This week my thoughts have been focused more or less on this really nasty habit I seem to have developed. It's called complaining, maybe you've heard of it. Maybe some of you do it!
Well, it's bogus. I know that's not really a dignified word, but it came to mind so I'm using it.
Complaining is something Satan has set up to trick us into thinking it will make a less than ideal situation better, but it doesn't. It makes it worse actually. A lot worse. And then you're just grumbly for the rest of the day. Once you open your mouth and that whining, irritating tone comes out, you're sunk! Give yourself a round of applause ladies and gents, cause you've just ruined your whole day.
"Psh! That's not true Sister Hutchinson! Complaining doesn't ruin your day!"
I should know, I do it. And it does, in fact, ruin your day. I don't really know how it happened honestly. To me I was just venting frustration and then I started to notice I got this tone, and it wasn't pleasant.
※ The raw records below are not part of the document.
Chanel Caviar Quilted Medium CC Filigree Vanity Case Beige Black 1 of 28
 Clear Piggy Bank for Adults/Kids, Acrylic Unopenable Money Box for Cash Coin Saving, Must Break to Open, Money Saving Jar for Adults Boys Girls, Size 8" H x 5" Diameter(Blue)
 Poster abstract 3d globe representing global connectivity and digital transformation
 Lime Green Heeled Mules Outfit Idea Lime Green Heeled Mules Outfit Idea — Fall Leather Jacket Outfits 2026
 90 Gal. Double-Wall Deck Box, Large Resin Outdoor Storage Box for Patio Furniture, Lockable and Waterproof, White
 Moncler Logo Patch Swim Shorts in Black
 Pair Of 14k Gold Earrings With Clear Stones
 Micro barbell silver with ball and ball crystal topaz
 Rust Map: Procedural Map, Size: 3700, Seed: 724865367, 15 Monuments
To quote my mother, "It's not about what you say, it's about how you say it."
Man, I hate it when she's right! It's all about how you say it. So one day I'm sitting talking with one of my favorite people in the world and it hits me, "I'm a complainer. I murmur!" That was it, game over. I sat there and realized I had found myself in the company of Laman and Lemuel, and that was not pretty. (I think the exact words that ran through my mind were "Well this is unsettling.")
You know who likes Laman and Lemuel? NO ONE. Cause they murmured ALL THE TIME! I mean they had amazing experiences and STILL complained. I know for me I read the Book of Mormon and I think "You're an idiot! How can you be so hard hearted?!?!"
I do that too.
Well, after having that nasty little realization, I decided I needed to change. The "tone" has got to go. A) It doesn't make me feel better about anything and B) it's really unattractive. So I'm breaking up with complaining. It's outta here,. We are through!!!!!!
Best part: that's what the Atonement is for. Uh, I love this! I love my Savior because He died so I could overcome the big stuff. But He also died so I could overcome the little stuff too. So I'm going to conquer complaining.
If you've got a nasty little habit like complaining, I invite you to break up with it. The Savior will help you, that's a promise. But you have to make a decision to do something about it first. :)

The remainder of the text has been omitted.